Le Jardin du rêve et du savoir du collège Roland Garros de Nice est une illustration de cette démarche : tout est parti d’une idée qui a germé dans les esprits à la suite de la crise sanitaire : celle d’un CDI extérieur. Cette idée s’est développée avec la découverte d’un lieu propice à sa réalisation, jusqu’à ce que des éléments extérieurs permettent d’envisager sa concrétisation. Les élèves, tels un groupe de jardiniers, ont alors été sollicités dessinant les plans de ce CDI hors du commun et hors les murs.
Une idée qui germe
Lorsque la pandémie est apparue, de nombreux CDI se sont vus désertés de façon imposée. Puis, très vite, les professeurs documentalistes se sont adaptés selon le protocole sanitaire propre à leur établissement.
Le collège Roland Garros est un établissement au carrefour de deux quartiers très différents : le quartier de la gare, très populaire et le quartier de Cimiez, plutôt huppé. De ce fait, le collège accueille un public très hétérogène avec près de 50 nationalités différentes et des élèves issus soit de catégories socioprofessionnelles très défavorisées (33 %), soit très favorisées (33 %). En outre, nous proposons une Ulis et une UPE2A. Cette mixité sociale est très riche et permet de mener à bien de nombreux projets pédagogiques très diversifiés.

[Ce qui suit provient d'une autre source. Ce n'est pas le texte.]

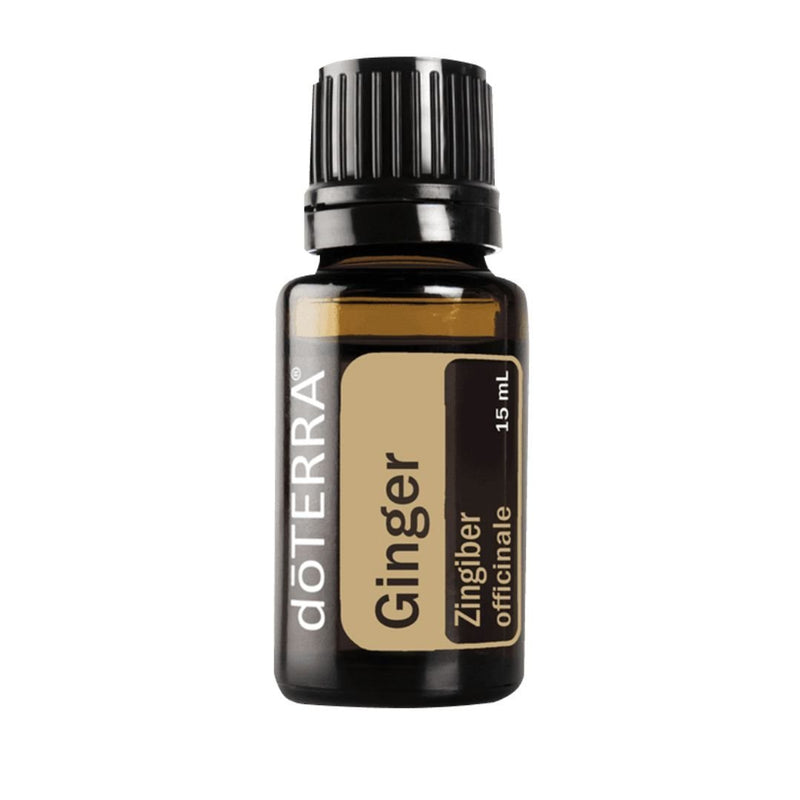 Ginger Essential Oil by doTERRA (Zingiber officinale) - 15mL - DoTerra Essential Oils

À la rentrée 2020, par mesure de précaution, l’établissement accueillant près de 700 élèves, toute fréquentation du CDI, en dehors des séances de groupes classes, a été interdite jusqu’à nouvel ordre. Ce fut brutal, voire douloureux. Il fallait réagir vite pour que notre Cérès1 ainsi privé de sa sève ne se fane pas. Dans un premier temps, et comme nous avons la chance de nous situer dans une région au climat plus que favorable, le club lecture a donc été déraciné et implanté en extérieur. Chaque midi, livres et fauteuils ont été déménagés à l’air libre. Nous avons choisi un espace relativement calme entre l’entrée de l’établissement et le parking à vélos. Bien que ce ne soit pas une solution très florissante, elle a permis aux élèves de renouer avec le plaisir de lire le temps de la pause méridienne. En outre, le club lecture, non dissimulé par ses 4 murs, a attiré les regards et par ricochet de nouveaux membres.
Puis le froid a commencé à pointer le bout de son nez. Tels des voiles d’hivernage, nous avons sorti les plaids pour pouvoir prolonger le club en extérieur. Cette période un peu particulière a placé le Club lecture sous les rayons du soleil, mais aussi sous le feu des projecteurs. Nombreux ont été ceux qui se sont intéressés à notre petit groupe et, petit à petit, tout un chacun a commencé à imaginer un Cérès pérenne, hors les murs.

Baliser le terrain
Notre collège, labellisé E3D2, s’étend sur près de 12 000 m² très arborés : micocouliers, bigaradiers, mimosas, pins, palmiers et magnolias côtoient nos potagers, un potager classique et un autre en aquaponie (système permettant de faire vivre ensemble et en parfaite harmonie des plantes et des animaux aquatiques dans un système fermé ; les plantes se nourrissant des déjections des poissons par leur capacité à filtrer l’eau).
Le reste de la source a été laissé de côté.